What is needed ::
What you return should be the complete listing, unchanged, with no pictures in it.

Raw data ::
----

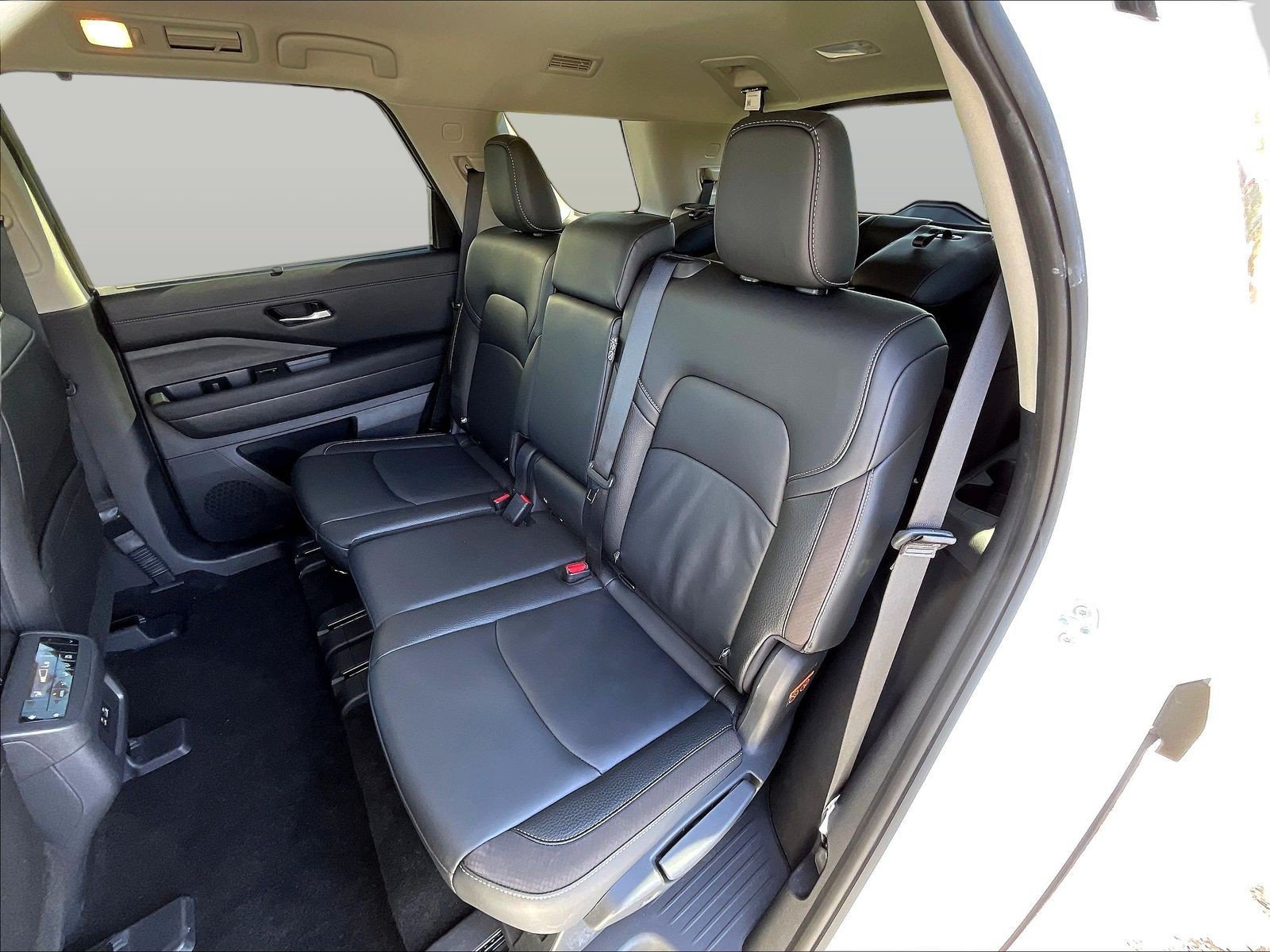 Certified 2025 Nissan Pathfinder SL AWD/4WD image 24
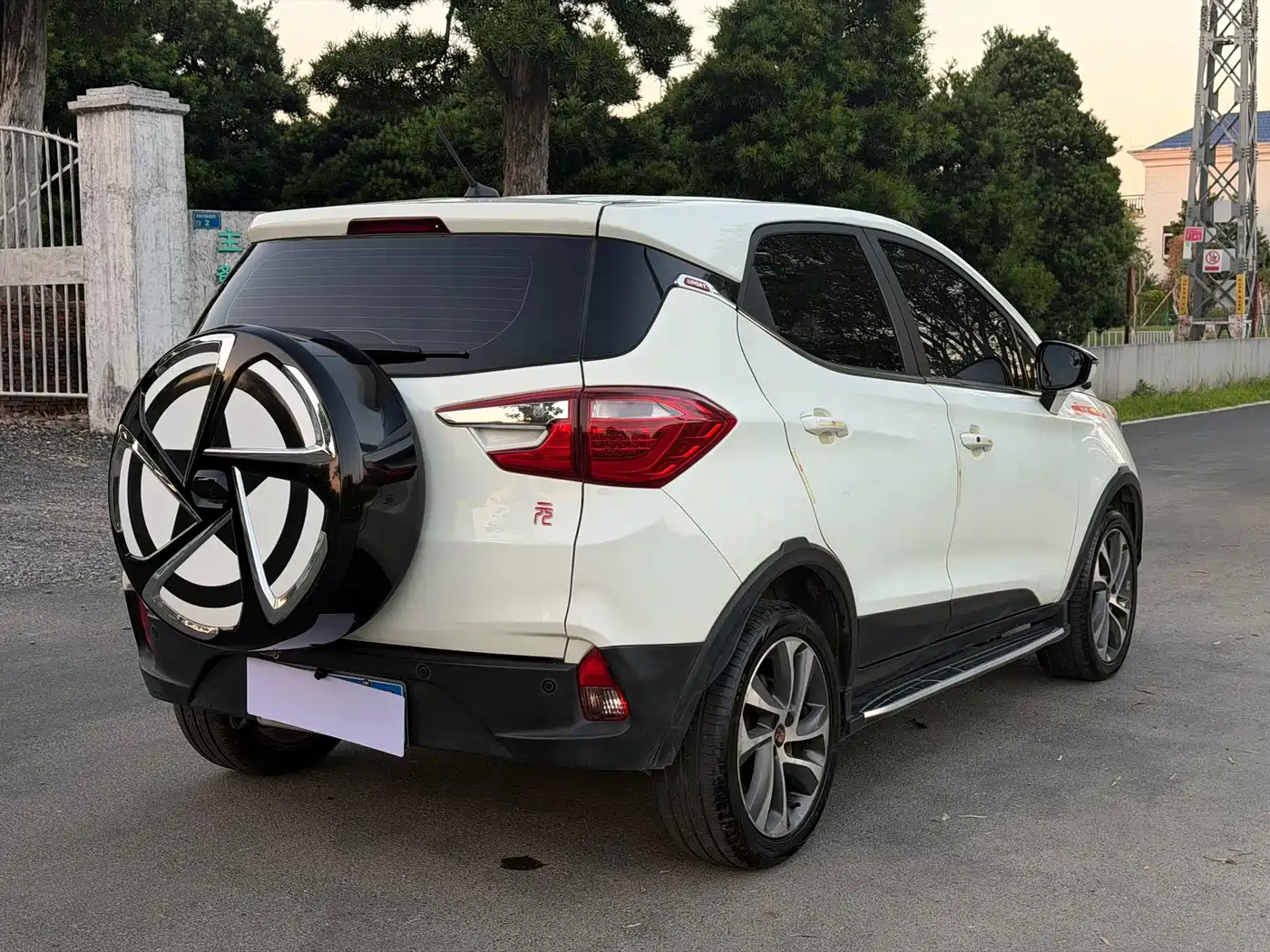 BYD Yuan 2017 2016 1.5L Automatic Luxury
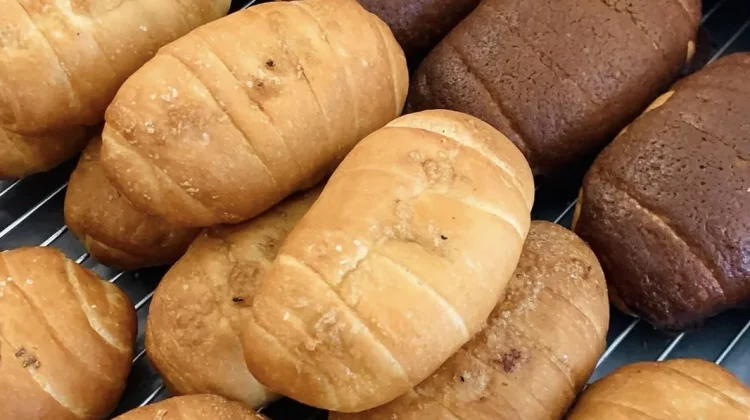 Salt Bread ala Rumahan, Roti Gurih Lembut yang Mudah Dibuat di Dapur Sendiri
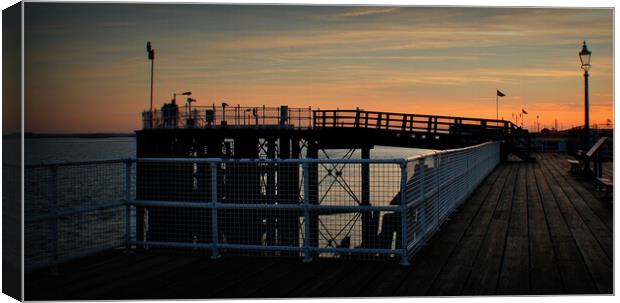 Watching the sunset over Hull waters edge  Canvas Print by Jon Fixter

----

Answer for this exercise ::
 Certified 2025 Nissan Pathfinder SL AWD/4WD image 24
 BYD Yuan 2017 2016 1.5L Automatic Luxury
 Salt Bread ala Rumahan, Roti Gurih Lembut yang Mudah Dibuat di Dapur Sendiri
 Watching the sunset over Hull waters edge  Canvas Print by Jon Fixter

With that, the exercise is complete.